**Work item**
Take the lines below beginning at the line that has "No more magnets." and stopping after the line that has "But really cool", and print them exactly as they are, with no other lines.

**Information shown**
———

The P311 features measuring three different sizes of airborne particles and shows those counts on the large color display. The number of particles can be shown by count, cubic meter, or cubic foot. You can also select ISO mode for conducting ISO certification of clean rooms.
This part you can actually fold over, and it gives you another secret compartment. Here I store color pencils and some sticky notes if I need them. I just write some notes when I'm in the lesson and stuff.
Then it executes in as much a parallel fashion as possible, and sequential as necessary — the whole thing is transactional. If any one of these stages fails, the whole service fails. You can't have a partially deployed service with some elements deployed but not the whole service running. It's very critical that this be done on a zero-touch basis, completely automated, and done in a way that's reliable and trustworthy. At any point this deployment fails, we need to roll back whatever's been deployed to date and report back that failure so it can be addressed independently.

———

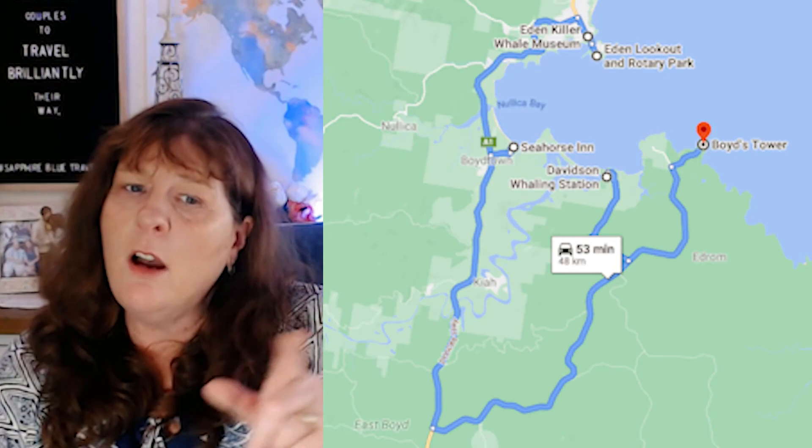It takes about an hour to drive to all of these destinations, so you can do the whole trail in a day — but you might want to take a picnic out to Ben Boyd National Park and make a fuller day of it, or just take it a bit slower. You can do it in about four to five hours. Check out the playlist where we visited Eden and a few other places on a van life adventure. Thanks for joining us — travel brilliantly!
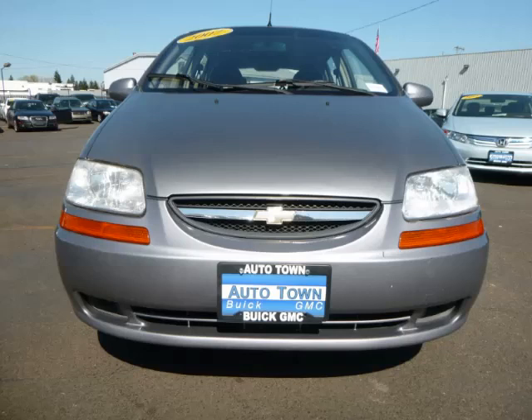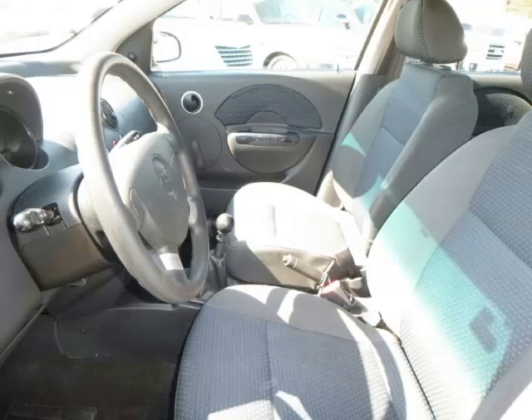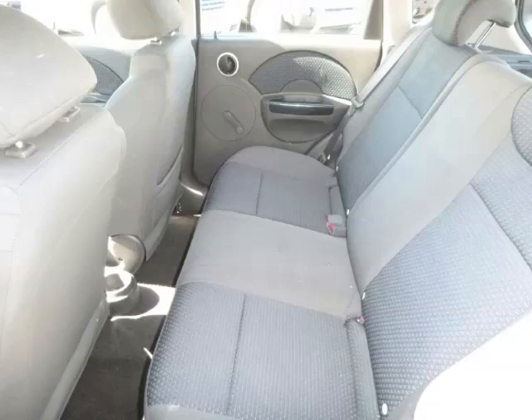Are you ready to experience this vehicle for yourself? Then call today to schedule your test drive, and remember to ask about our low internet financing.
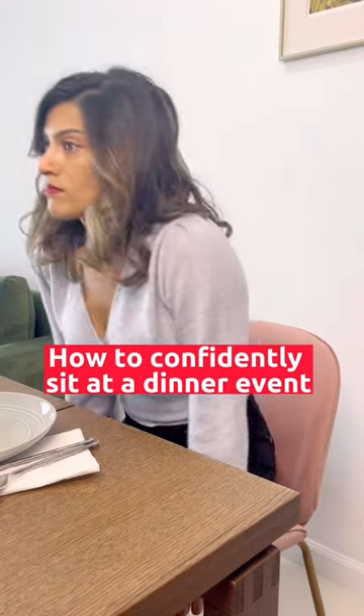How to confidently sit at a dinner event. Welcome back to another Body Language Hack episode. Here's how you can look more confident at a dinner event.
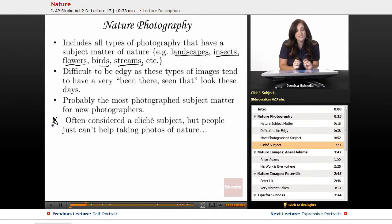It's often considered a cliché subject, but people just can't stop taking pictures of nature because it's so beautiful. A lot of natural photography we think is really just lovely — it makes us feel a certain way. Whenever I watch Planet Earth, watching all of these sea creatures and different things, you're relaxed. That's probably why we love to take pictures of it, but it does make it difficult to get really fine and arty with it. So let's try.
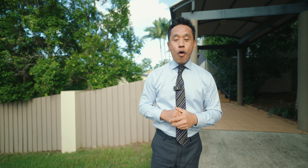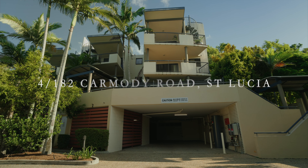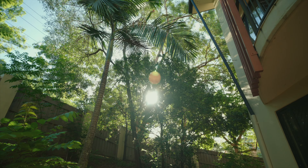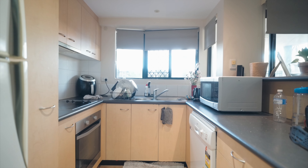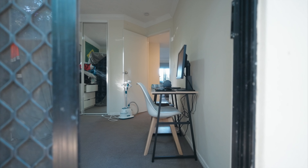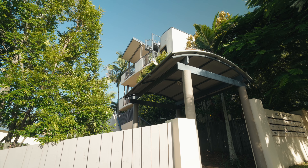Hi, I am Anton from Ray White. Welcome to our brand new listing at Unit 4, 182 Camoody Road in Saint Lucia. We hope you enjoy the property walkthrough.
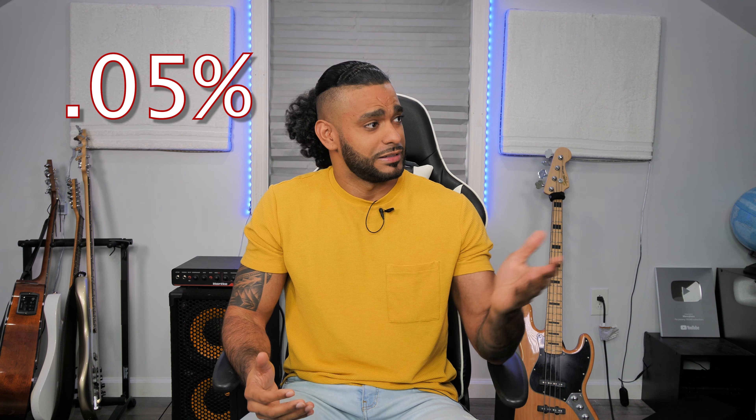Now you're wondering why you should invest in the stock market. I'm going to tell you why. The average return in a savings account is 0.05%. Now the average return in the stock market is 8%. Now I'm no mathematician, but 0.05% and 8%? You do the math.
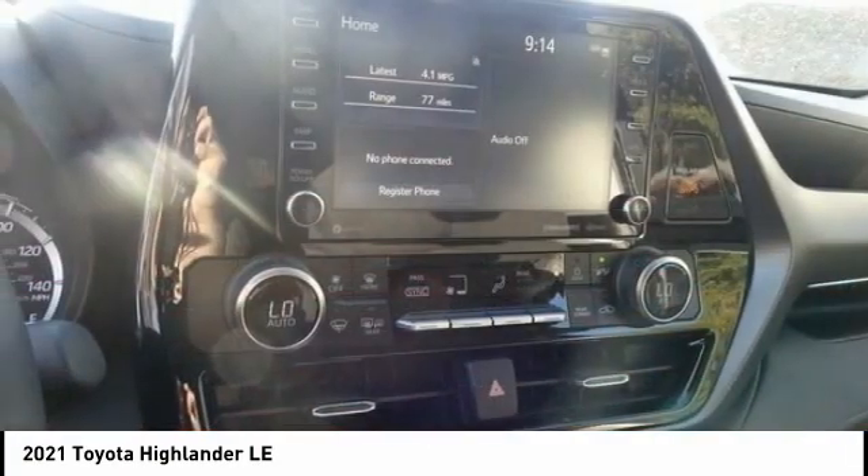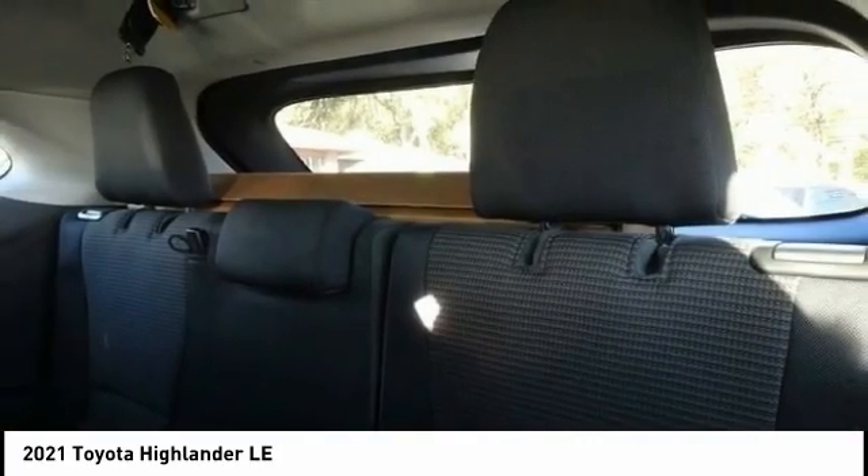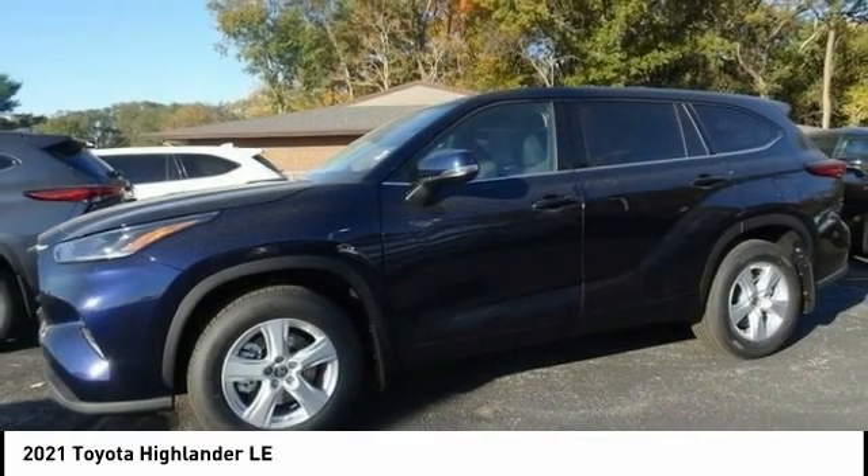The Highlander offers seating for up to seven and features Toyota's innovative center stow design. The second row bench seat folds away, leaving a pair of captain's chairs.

———

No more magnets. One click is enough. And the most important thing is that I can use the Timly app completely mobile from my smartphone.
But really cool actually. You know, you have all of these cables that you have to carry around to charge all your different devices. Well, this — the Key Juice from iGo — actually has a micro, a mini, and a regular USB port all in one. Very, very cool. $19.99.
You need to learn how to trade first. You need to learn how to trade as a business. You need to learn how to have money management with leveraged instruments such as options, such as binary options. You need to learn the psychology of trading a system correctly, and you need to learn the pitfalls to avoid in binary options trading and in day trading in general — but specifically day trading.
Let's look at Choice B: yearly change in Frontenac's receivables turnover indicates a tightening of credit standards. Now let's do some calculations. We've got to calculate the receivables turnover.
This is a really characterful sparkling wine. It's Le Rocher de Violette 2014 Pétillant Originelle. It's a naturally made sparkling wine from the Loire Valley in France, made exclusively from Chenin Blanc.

———

**Response to this exercise**
No more magnets. One click is enough. And the most important thing is that I can use the Timly app completely mobile from my smartphone.
But really cool actually. You know, you have all of these cables that you have to carry around to charge all your different devices. Well, this — the Key Juice from iGo — actually has a micro, a mini, and a regular USB port all in one. Very, very cool. $19.99.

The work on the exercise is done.